To tag along more often,
or if I had not lied to my friends
to protect my embarrassment,

Or if I had been more subtle
or more striking, would the children
be happy then? And with her,

What could I have done
better to love? I’m not sure
I can find my way past those bishops

Of self-deceit or the surprising leap
from revelatory knights
to hold that Queen

So she’ll see me and want me.
I’m always back at the game’s beginning,
fretting over the pawns of diet

And so many hours slept, holding
dear to my rooks for the endgame—
the end that comes no matter

How far back I go or how
much I can erase of where
I started or how I got here.

Some of Jared Pearce’s poems have recently been or will soon be shared in Marathon, Peacock, Poetic Diversity, DIAGRAM, and Red Fez. His first collection is forthcoming from Aubade Press next year. He lives in Iowa.

Cutting, by Jared Pearce

Cutting
by Jared Pearce

One would have her leg
hacked off, another an arm—
such appendages seem easy
to divide.
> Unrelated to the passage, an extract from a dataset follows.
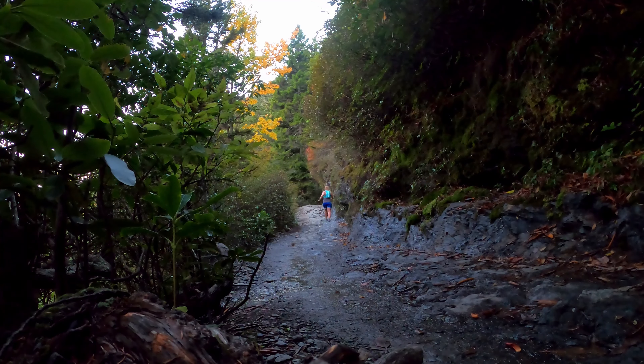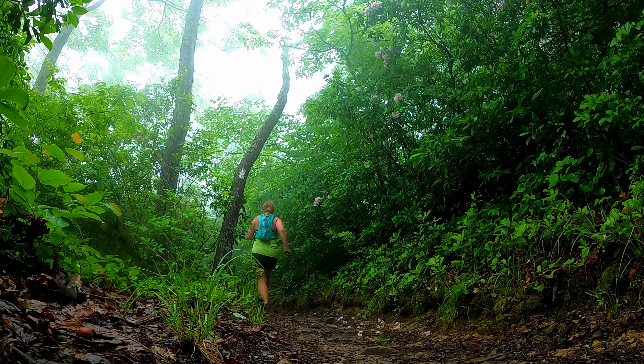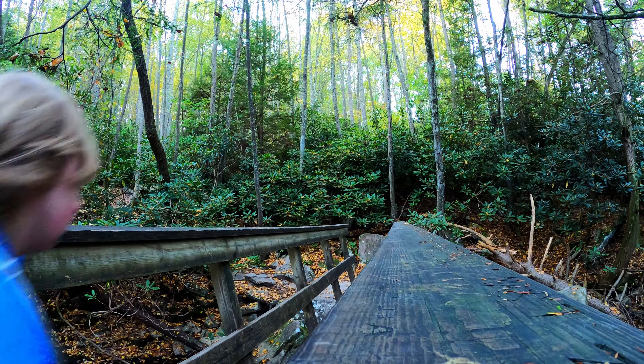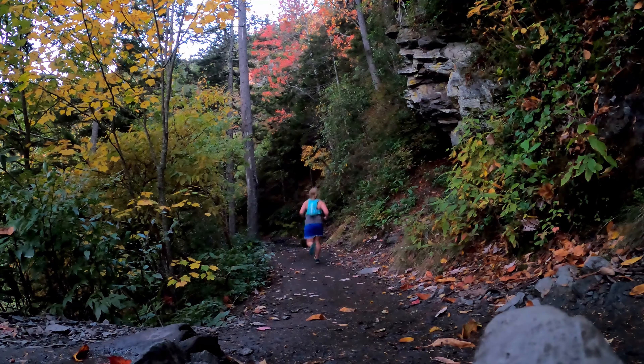One of my favorite investments I've made is a packable rain jacket. I have the Patagonia Houdini jacket and I love it. It's not just good for rain — it's also really good for those cool mornings where you start with an early run. It's a great weight to add a little warmth and then it easily packs into my pack when it gets warmer out.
But others went
for fashion: buttocks
and trim the thighs, or my head
must be ten percent my body
mass. And some for bits to cheat
loss by removing every other toe,
one ear, the incisors, hair.

Until she said her
too big breasts, worthless
lobes, too in-the-way,
too defining, the two great balls
chaining me to womanhood,
making me a sex—these stones
strapping me in a drowning
when what I want is to be held
with a light grace, apart
from what I am or am not.

Some of Jared Pearce’s poems have recently been or will soon be shared in Marathon, Peacock, Poetic Diversity, DIAGRAM, and Red Fez. His first collection is forthcoming from Aubade Press next year. He lives in Iowa.

Portals, by Jared Pearce

Portals
by Jared Pearce

The contractor came to see about
where I wanted a hole punched
in the back brick wall to make
a closet and keep the pantry.

We measured, we bartered,
we shook hands, until on the front path
he told me both his parents died
within a month of each other:

He hadn’t shed a tear, he said,
though his pastor encouraged his grief;
He’s been having trouble getting back
to work, he said, he can’t handle

The somewhere revving saw
to cut into a lighted room from
a darkened passage, a blueprint
showing where the load and stress

Should be anchored to rest.
There’s no point in crying,
he said; now that they’re gone,
what tears could cut like diamonds?

Some of Jared Pearce’s poems have recently been or will soon be shared in Marathon, Peacock, Poetic Diversity, DIAGRAM, and Red Fez. His first collection is forthcoming from Aubade Press next year. He lives in Iowa.